EXERCISE AIM: Within the entries below, please return exactly the lines from the one with "Pacman Retro Heat Change Mug Afbeelding 1" through the one with "Sampdoria Kappa 2010-11", leaving out any pictures.

PROVIDED RECORDS:

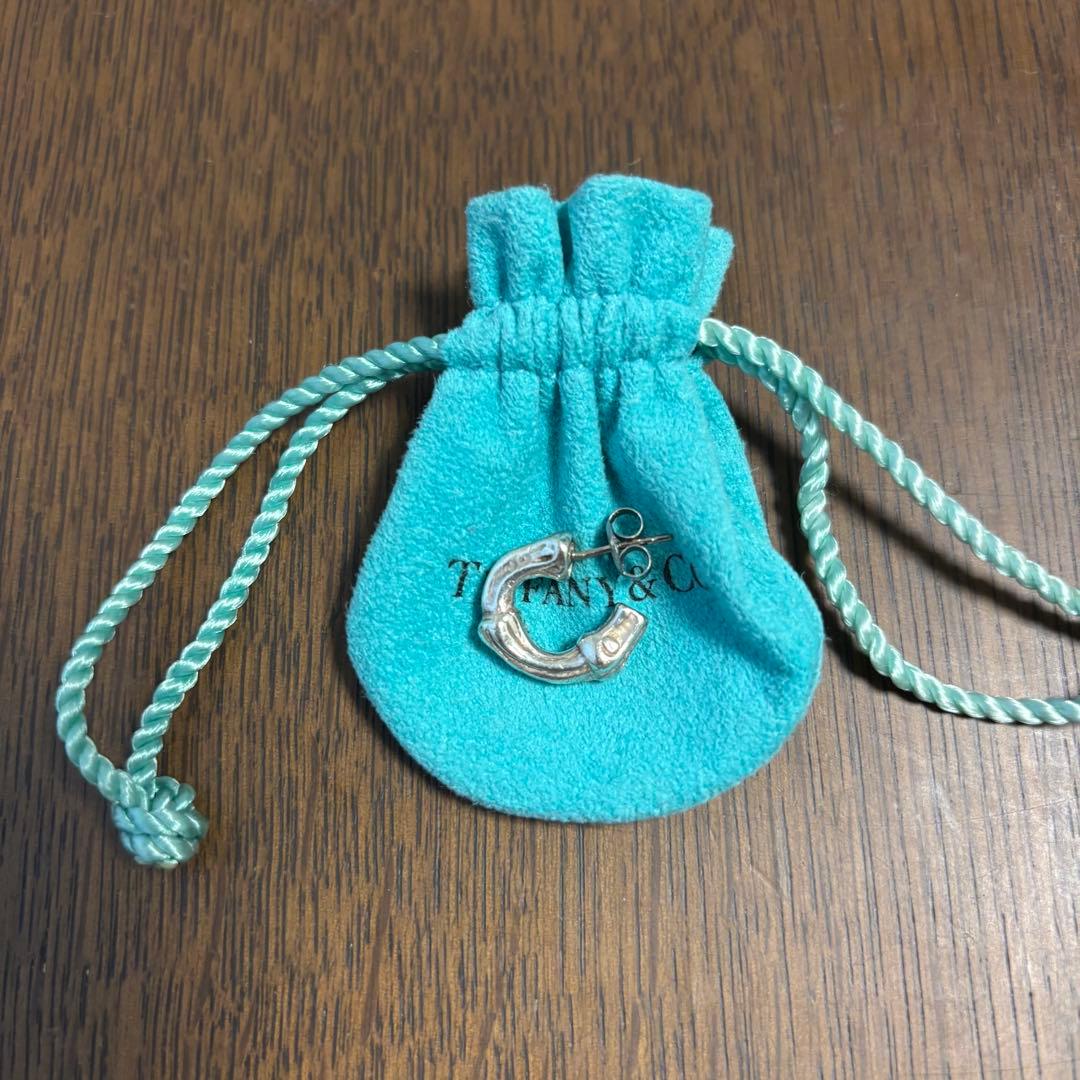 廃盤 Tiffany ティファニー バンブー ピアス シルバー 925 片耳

* * *

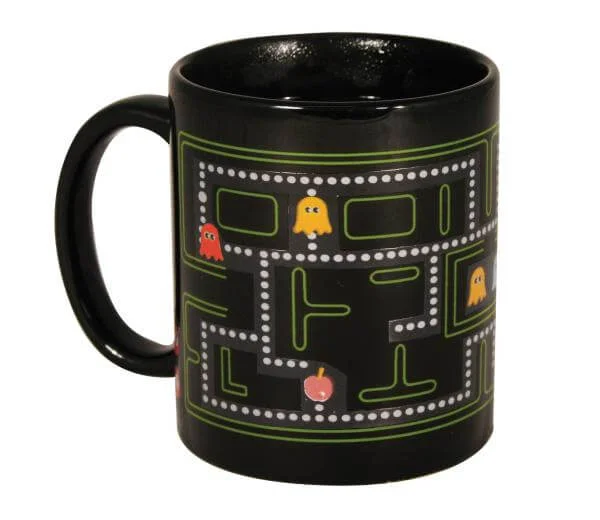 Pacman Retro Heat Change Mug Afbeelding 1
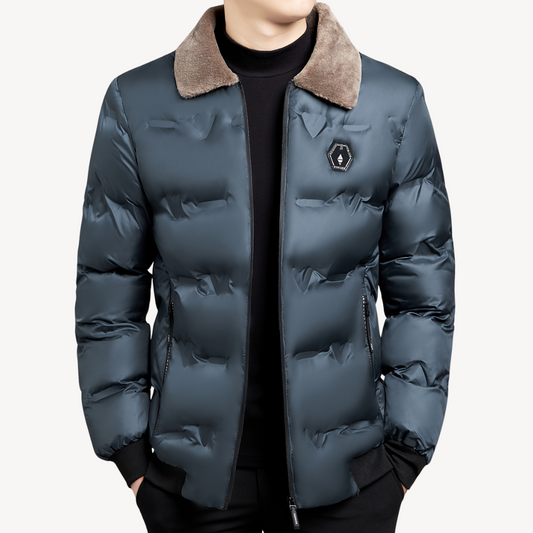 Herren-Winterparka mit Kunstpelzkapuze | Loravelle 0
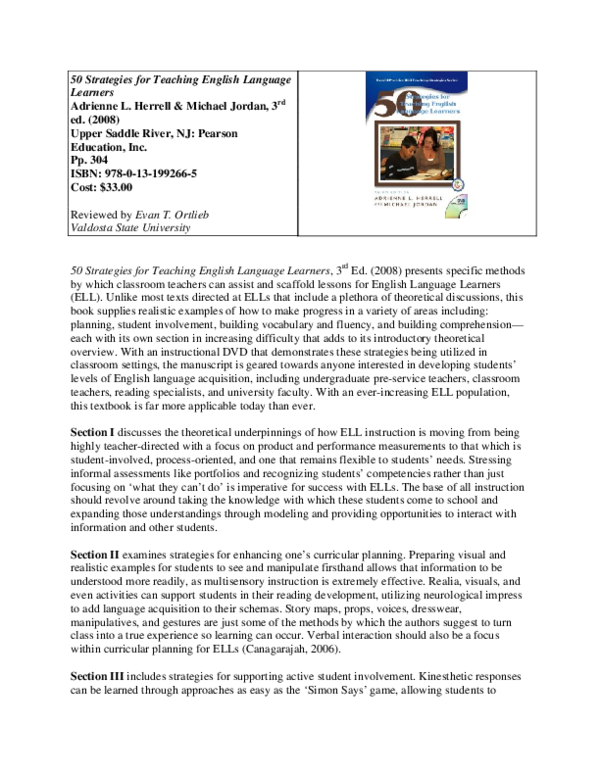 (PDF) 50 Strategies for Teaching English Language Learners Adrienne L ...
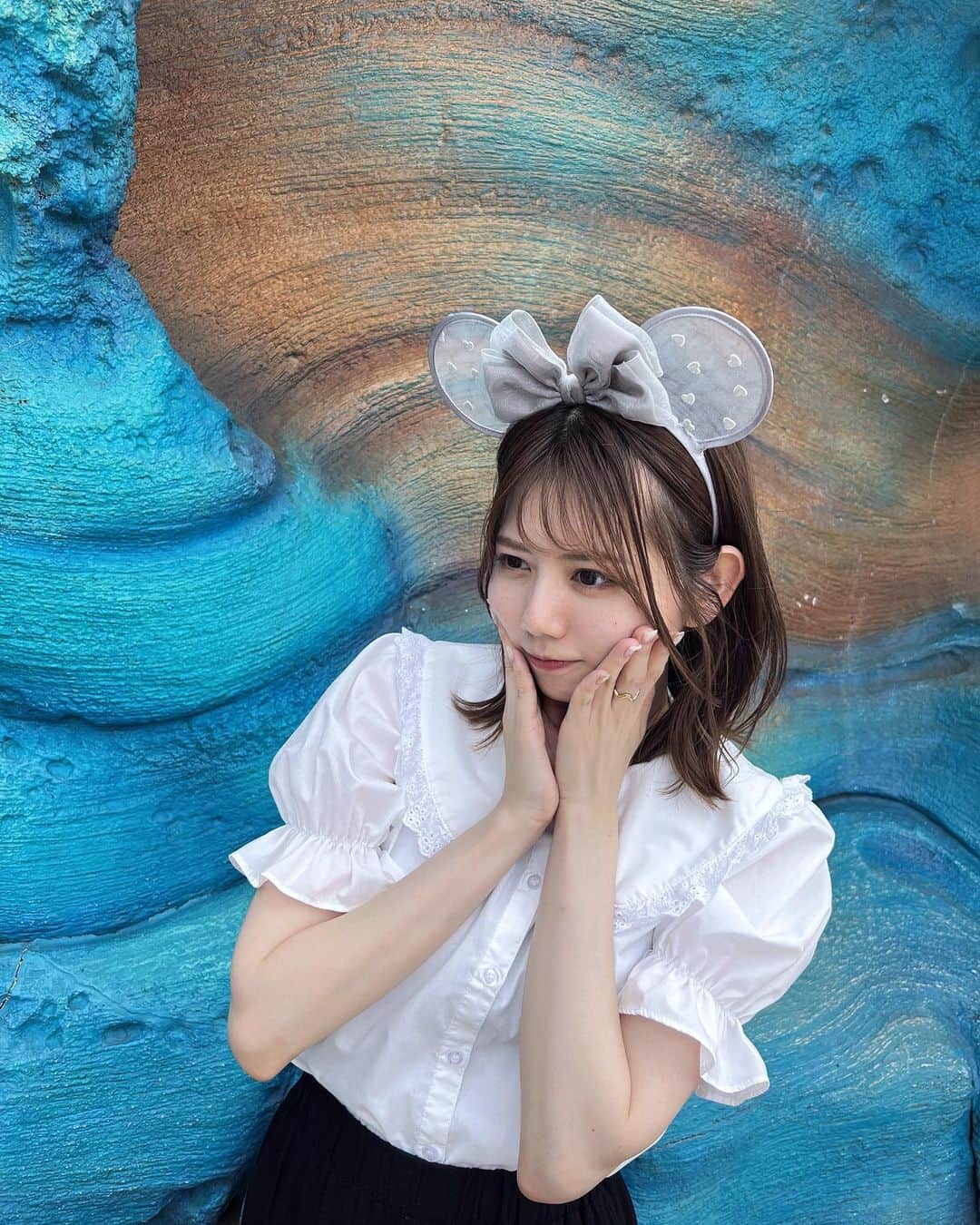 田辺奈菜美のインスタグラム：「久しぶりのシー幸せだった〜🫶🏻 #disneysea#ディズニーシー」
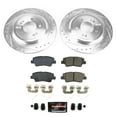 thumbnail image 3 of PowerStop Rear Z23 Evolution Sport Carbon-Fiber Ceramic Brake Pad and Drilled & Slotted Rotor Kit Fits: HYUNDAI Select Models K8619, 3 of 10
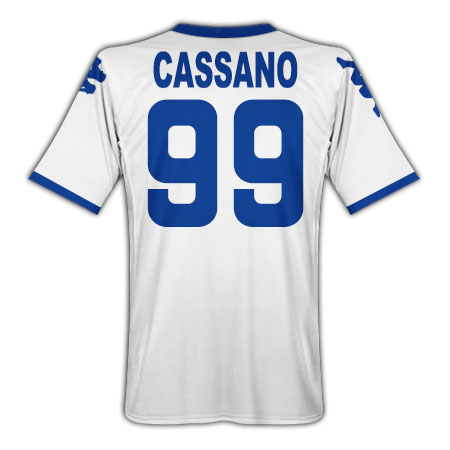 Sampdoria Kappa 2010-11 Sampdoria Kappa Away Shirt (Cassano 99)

==

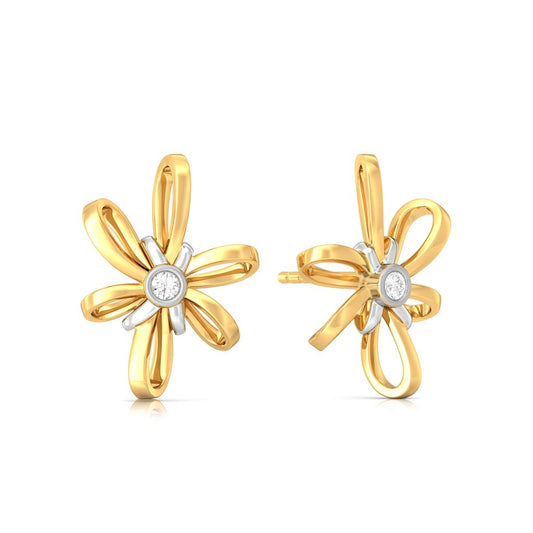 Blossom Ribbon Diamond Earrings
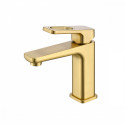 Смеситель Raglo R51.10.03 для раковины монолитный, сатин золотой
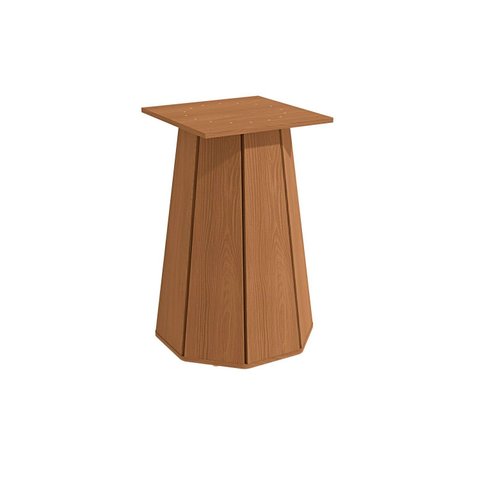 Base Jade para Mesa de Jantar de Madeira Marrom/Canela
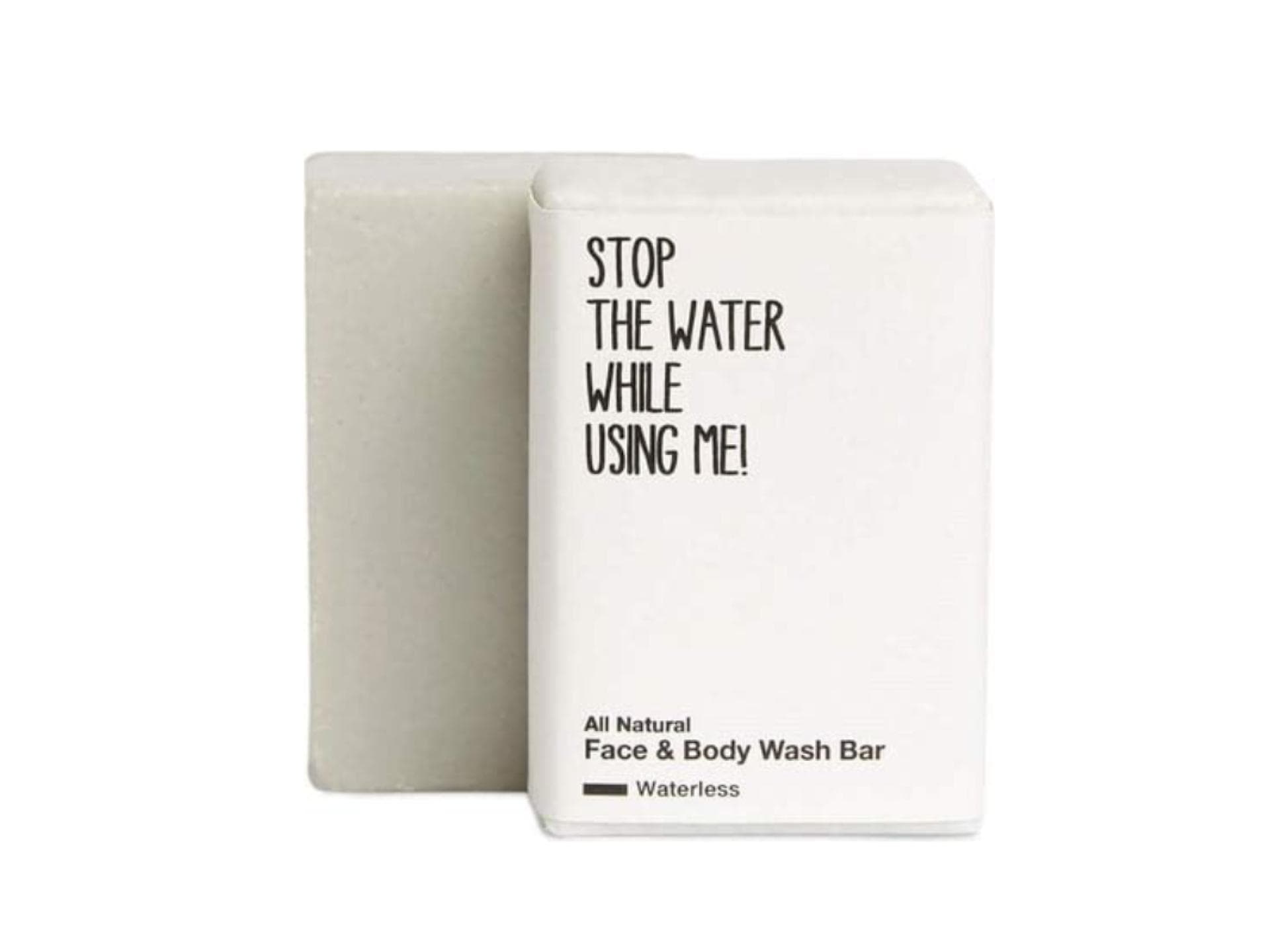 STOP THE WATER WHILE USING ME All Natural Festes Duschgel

RESPONSE AREA:
 Pacman Retro Heat Change Mug Afbeelding 1
 Herren-Winterparka mit Kunstpelzkapuze | Loravelle 0
 (PDF) 50 Strategies for Teaching English Language Learners Adrienne L ...
 田辺奈菜美のインスタグラム：「久しぶりのシー幸せだった〜🫶🏻 #disneysea#ディズニーシー」
 thumbnail image 3 of PowerStop Rear Z23 Evolution Sport Carbon-Fiber Ceramic Brake Pad and Drilled & Slotted Rotor Kit Fits: HYUNDAI Select Models K8619, 3 of 10
 Sampdoria Kappa 2010-11 Sampdoria Kappa Away Shirt (Cassano 99)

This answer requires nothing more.